» AIM OF THE TASK: Taking the entries below, transcribe only the lines starting with the one with "We have a great" and going on through the one with "Now we'll look", exactly as written, without the pictures.
━━ AVAILABLE DATA ━━
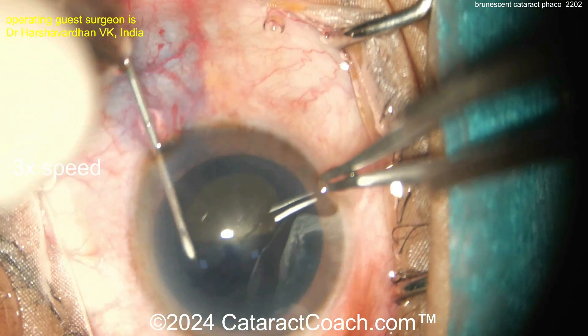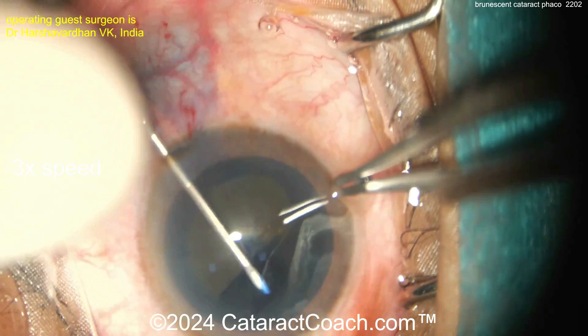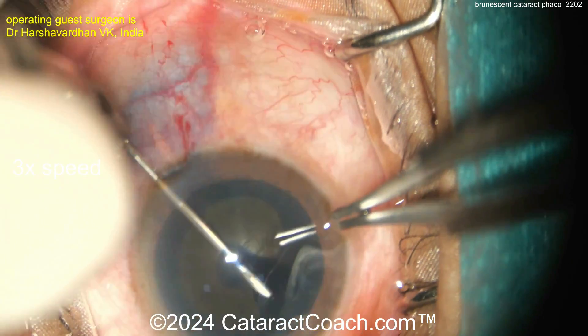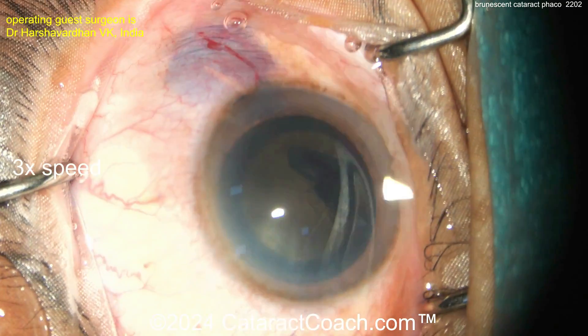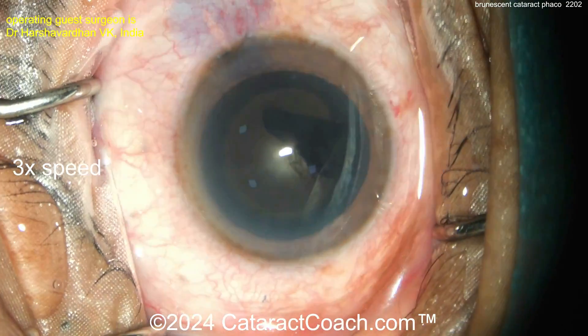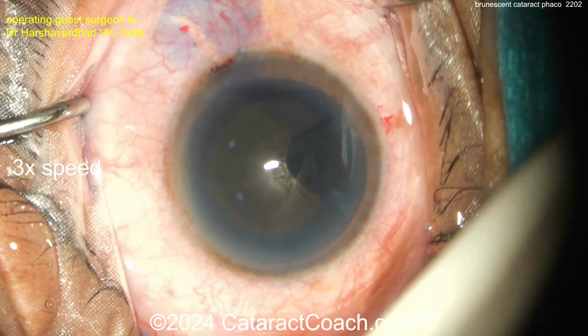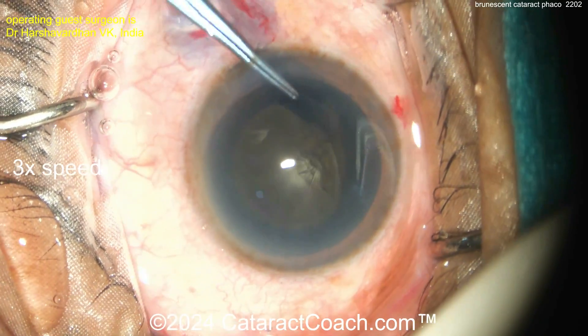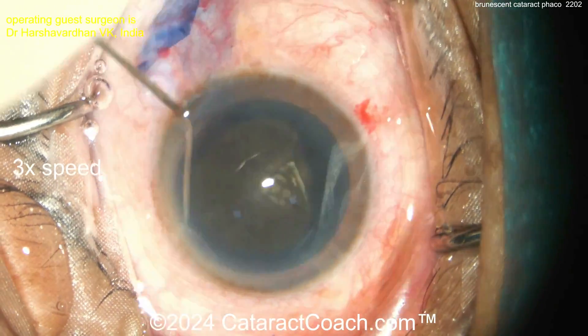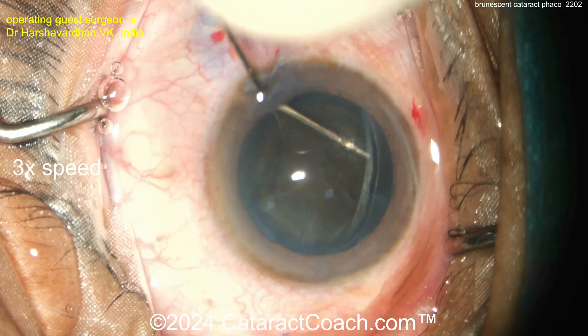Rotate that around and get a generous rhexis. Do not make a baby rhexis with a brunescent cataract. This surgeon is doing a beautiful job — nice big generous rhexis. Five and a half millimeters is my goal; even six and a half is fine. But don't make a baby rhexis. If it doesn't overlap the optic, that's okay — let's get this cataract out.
━━━
━━ AVAILABLE DATA ━━
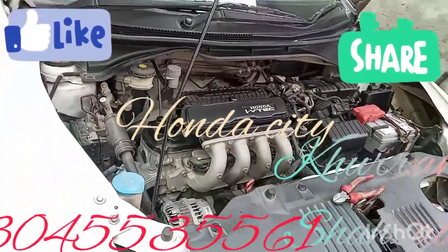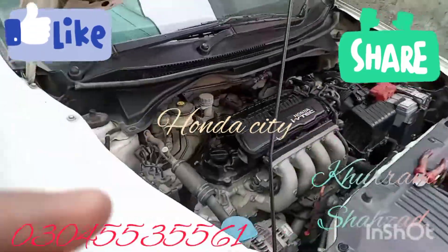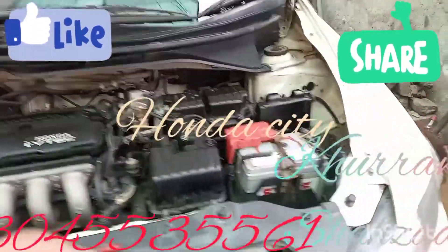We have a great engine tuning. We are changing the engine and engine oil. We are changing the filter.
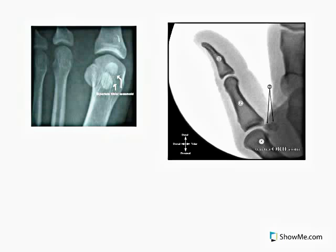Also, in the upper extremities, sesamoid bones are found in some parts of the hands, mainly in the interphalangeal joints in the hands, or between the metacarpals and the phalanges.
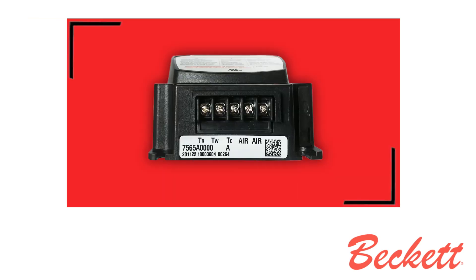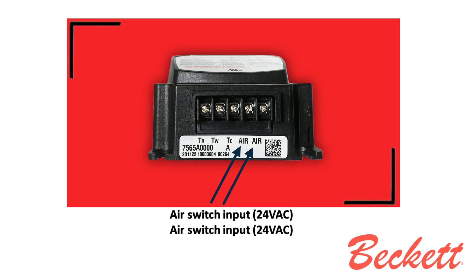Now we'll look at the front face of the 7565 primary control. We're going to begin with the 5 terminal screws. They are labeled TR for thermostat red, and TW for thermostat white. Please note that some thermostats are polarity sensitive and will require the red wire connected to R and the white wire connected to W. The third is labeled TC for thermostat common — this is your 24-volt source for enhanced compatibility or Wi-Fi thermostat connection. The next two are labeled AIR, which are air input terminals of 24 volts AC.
━━━
» SOLUTION BELOW:
We have a great engine tuning. We are changing the engine and engine oil. We are changing the filter.
Also, in the upper extremities, sesamoid bones are found in some parts of the hands, mainly in the interphalangeal joints in the hands, or between the metacarpals and the phalanges.
Now we'll look at the front face of the 7565 primary control. We're going to begin with the 5 terminal screws. They are labeled TR for thermostat red, and TW for thermostat white. Please note that some thermostats are polarity sensitive and will require the red wire connected to R and the white wire connected to W. The third is labeled TC for thermostat common — this is your 24-volt source for enhanced compatibility or Wi-Fi thermostat connection. The next two are labeled AIR, which are air input terminals of 24 volts AC.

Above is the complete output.